John Albert Morrow makes his earliest appearance in the documentary record, as I mentioned yesterday, performing solos in the chapel choir under the director of Alfred Lawrence Hall-Quest, on October 14, 1916. At the time, Hall-Quest was directing both the chapel choir and the Glee Club, so it’s a reasonable assumption that Morrow sang with both groups. We know that he also played piano and participated in missions on behalf of the YMCA to other parts of Virginia.

We also know that Morrow participated in other missions. The June 13, 1918 photo above, from the Holsinger archives, is one of a series of World War I photos taken by the studio. We don’t know what Morrow did in the war, other than the clue that he wears an Army uniform in the photo.

His University career spans both sides of the Great War and is a little odd: he is listed in the April 1917 University of Virginia Recordas being a masters student in mathematics, philosophy, and physics, having taken his undergraduate degree at Emory and Henry, while in 1920 he is listed as a student in the College. This may have been a typo, or he may have pursued additional undergrad classes after demobbing, but in 1921 he was listed (with an MA) as a teaching fellow in the Engineering department teaching Chemistry. He continues to appear in the Record variously as a BA and MA (presumably, he was working on the latter even in 1921) until 1925 and 1926, when he is listed as a summer session instructor in mathematics, affiliated with New York University. After that the trail goes cold, alas.

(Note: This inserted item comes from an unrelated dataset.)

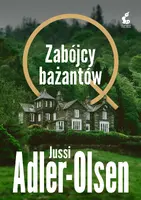 Okładka: Zabójcy bażantów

But there’s that one indisputable moment of fame: in 1923, his 1921 composition “Virginia, Hail, All Hail” won a contest as the best student alma mater song. No other official alma mater ever having been elected by the University, his work still holds a position of pride–even if none but attendees of Glee Club concerts will ever hear it.

Grab bag: Whither Groh?

Virginia Glee Club history, 1910 director… found again

I found more evidence tonight about the mysterious 1910 director of the Virginia Glee Club, M. S. Remsburg. Ironically enough, it came from the same source that gave us the information of his existence in the first place.

I was thrown off by a description of him as Prof. M.S. Remsburg. That may have been an honorific, but his real title was director, as in the director of Christ Church, Charlottesville, as I learned from the September 17, 1910 issue of Madison House Notes, the newsletter of the YMCA at the University at that time. Following the departure of Dr. Faville from the faculty, there was no other organist or music director at the University for chapel services, this being ten years before the foundation of the McIntire School of Music, and the university faculty voted on or before September 17, 1910 to reschedule chapel services so that Remsburg could cover them after Sundays at Christ Church.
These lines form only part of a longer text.